下面的解题思路不是本人的，转自http://blog.csdn.net/zxzxy1988/article/details/8587244

今天发现了leetcode上面一道题，觉得非常经典，记录之。

题目是这样的：给定两个已经排序好的数组（可能为空），找到两者所有元素中第k大的元素。另外一种更加具体的形式是，找到所有元素的中位数。本篇文章我们只讨论更加一般性的问题：如何找到两个数组中第k大的元素？不过，测试是用的两个数组的中位数的题目，Leetcode第4题Median of Two Sorted Arrays
方案1：假设两个数组总共有n个元素，那么显然我们有用O(n)时间和O(n)空间的方法：用merge sort的思路排序，排序好的数组取出下标为k-1的元素就是我们需要的答案。
这个方法比较容易想到，但是有没有更好的方法呢？
方案2：我们可以发现，现在我们是不需要“排序”这么复杂的操作的，因为我们仅仅需要第k大的元素。我们可以用一个计数器，记录当前已经找到第m大的元素了。同时我们使用两个指针pA和pB，分别指向A和B数组的第一个元素。
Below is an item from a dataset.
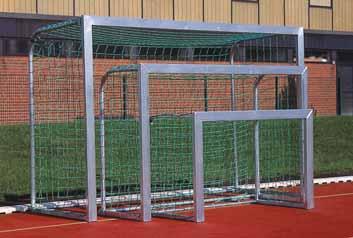 Mini goal net like item 1200-01 but with a mesh size of 45 mm. Colou: Mini goal net in approx. 2.3 mm high tenacity polypropylene, mesh-size 100 mm, incl. two 8 m long tie cords. Dimension: 1.90 m 1.
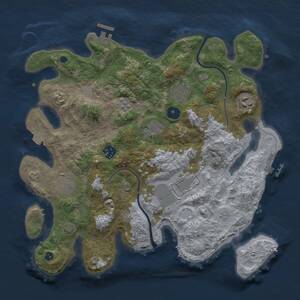 Thumbnail Rust Map: Procedural Map, Size: 3500, Seed: 663401, 13 Monuments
使用类似于merge sort的原理，如果数组A当前元素小，那么pA++，同时m++。如果数组B当前元素小，那么pB++，同时m++。最终当m等于k的时候，就得到了我们的答案——O(k)时间，O(1)空间。
但是，当k很接近于n的时候，这个方法还是很费时间的。当然，我们可以判断一下，如果k比n/2大的话，我们可以从最大的元素开始找。但是如果我们要找所有元素的中位数呢？时间还是O(n/2)=O(n)的。有没有更好的方案呢？
我们可以考虑从k入手。如果我们每次都能够剔除一个一定在第k大元素之前的元素，那么我们需要进行k次。但是如果每次我们都剔除一半呢？所以用这种类似于二分的思想，我们可以这样考虑：

Assume that the number of elements in A and B are both larger than k/2, and if we compare the k/2-th smallest element in A(i.e. A[k/2-1]) and the k-th smallest element in B(i.e. B[k/2 - 1]), there are three results:
(Becasue k can be odd or even number, so we assume k is even number here for simplicy. The following is also true when k is an odd number.)
A[k/2-1] = B[k/2-1]
A[k/2-1] > B[k/2-1]
A[k/2-1] < B[k/2-1]
if A[k/2-1] < B[k/2-1], that means all the elements from A[0] to A[k/2-1](i.e. the k/2 smallest elements in A) are in the range of k smallest elements in the union of A and B. Or, in the other word, A[k/2 - 1] can never be larger than the k-th smalleset element in the union of A and B.

Why?
We can use a proof by contradiction. Since A[k/2 - 1] is larger than the k-th smallest element in the union of A and B, then we assume it is the (k+1)-th smallest one. Since it is smaller than B[k/2 - 1], then B[k/2 - 1] should be at least the (k+2)-th smallest one. So there are at most (k/2-1) elements smaller than A[k/2-1] in A, and at most (k/2 - 1) elements smaller than A[k/2-1] in B.So the total number is k/2+k/2-2, which, no matter when k is odd or even, is surly smaller than k(since A[k/2-1] is the (k+1)-th smallest element). So A[k/2-1] can never larger than the k-th smallest element in the union of A and B if A[k/2-1]<B[k/2-1];
Since there is such an important conclusion, we can safely drop the first k/2 element in A, which are definitaly smaller than k-th element in the union of A and B. This is also true for the A[k/2-1] > B[k/2-1] condition, which we should drop the elements in B.
When A[k/2-1] = B[k/2-1], then we have found the k-th smallest element, that is the equal element, we can call it m. There are each (k/2-1) numbers smaller than m in A and B, so m must be the k-th smallest number. So we can call a function recursively, when A[k/2-1] < B[k/2-1], we drop the elements in A, else we drop the elements in B.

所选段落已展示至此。